Como en una mezcla de nostalgia y desidia ante lo inminente, pasaba y metía una pieza, dos. Se iba. Al otro día otra y se distraía en otra cosa…Hasta que llegaba yo y en lo que calentaba la pava para el mate se lo terminaba y mi abuelo se enorgullecía de mi, aunque sabia que era el quien lo había terminado, y que yo solo lo había ayudado a dar el tiro de gracia que tanto le costaba dar porque era también asumir el cierre de un ciclo, de una larga etapa de tardes y noches entre rompecabezas y hombre, alimentándose mutuamente, compartiendo silenciosas horas de meditación y mágico descubrimiento de cómo se ve la imagen de la tapa-modelo sobre el verdadero. Ese pasar la mano y sentir los limites de cada pieza en su individualidad, convirtiendo un sentido más grande al de ellas mismas con el todo. Esos límites que unidos se vuelven más ricos y hermosos.

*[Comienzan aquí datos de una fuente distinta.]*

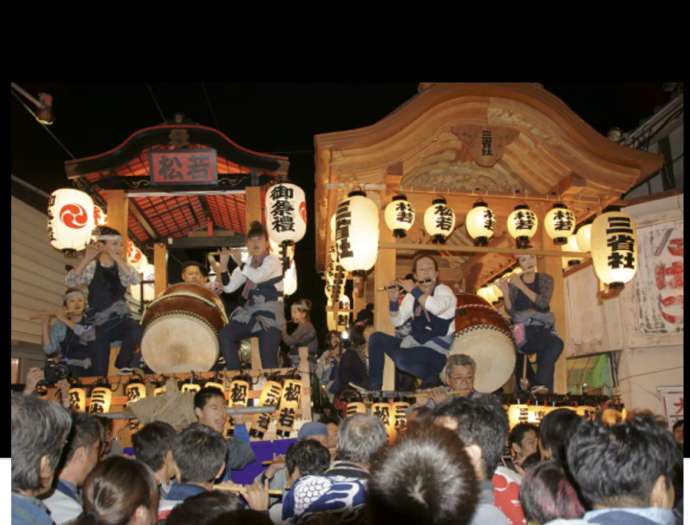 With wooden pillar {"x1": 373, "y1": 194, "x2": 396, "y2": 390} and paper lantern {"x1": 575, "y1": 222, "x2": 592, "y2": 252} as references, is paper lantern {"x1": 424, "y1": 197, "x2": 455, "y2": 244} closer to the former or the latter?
wooden pillar {"x1": 373, "y1": 194, "x2": 396, "y2": 390}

Mi abuelo se emocionaba tanto que empezaba a recordar la tarea mas difícil del comienzo, las distintas estrategias utilizadas para ir encarando el proceso en los diferentes momentos del armado, los altibajos y por fin la gloria de poder disfrutar su imagen entera en tamaño real, frente a sus narices y seguido la preocupación de donde poner semejante cuadro en una habitación que cada vez parecía mas reducida. Pero al final siempre encontrábamos un lugar especial donde ponerlo. Uno quedo en el garaje. Dos botecitos amarrados a un muelle como disfrutando del crepúsculo mediterráneo flotan en un mar sereno entre el tablero de herramientas y el interruptor. Un bar en algún barrio francés luce sus coloridos toldos y mesitas en la vereda donde la gente bien vestida se toma un café o un aperitivo con vista al lavarropas junto a donde cuelga la tabla de planchar. Los girasoles de Van Gogh se marchitan en el hall de entrada.
Y cuando parecía que no podía haber un lugar mas para otro cuadro, y que el furor de los rompecabezas había pasado, mi abuelo se aparecía con otro bajo el brazo. Al principio trataba de mantenerlo en la clandestinidad, hasta que se hacia inevitable y mi abuela se enteraba. Entonces se sucedían los reproches de que si seguimos así esto se va a convertir en un museo y vamos a terminar durmiendo en la vereda. Si otro rompecabezas entra en esta casa yo me voy. Un día los junto a todos y los hago fogata en medio de la calle. Pero después se le pasaba, y yo volvía a encontrar a mi abuelo ensimismado en su tarea de unir cada piecita con su correspondiente encastre y así llegar a consumar otra imagen, otro cuadro nacido del esfuerzo de la mente y la dedicación del espíritu comprometido en su meta por lograr su cometido. Y contra viento y marea mi abuelo avanzaba en su rompecabezas, pidiéndome que le cebara el mate mientras me explicaba que es así, piecita a piecita más o menos como se va construyendo la realidad en nuestro universo. Discurriendo sobre filosofía plebeya e historia de la humanidad aplicada al mundo cotidiano, mi abuelo y yo armamos la imagen de nuestro vínculo hasta cerrar aquel ciclo, el de nuestros momentos juntos, compartiendo rompecabezas entre mates y enseñanzas de vida. Y quizás sea esta la ultima piecita que yo encastre en esta cuadro, con él en mi recuerdo por siempre, y yo preparándome para salir a encarar los nuevos puzzles por venir.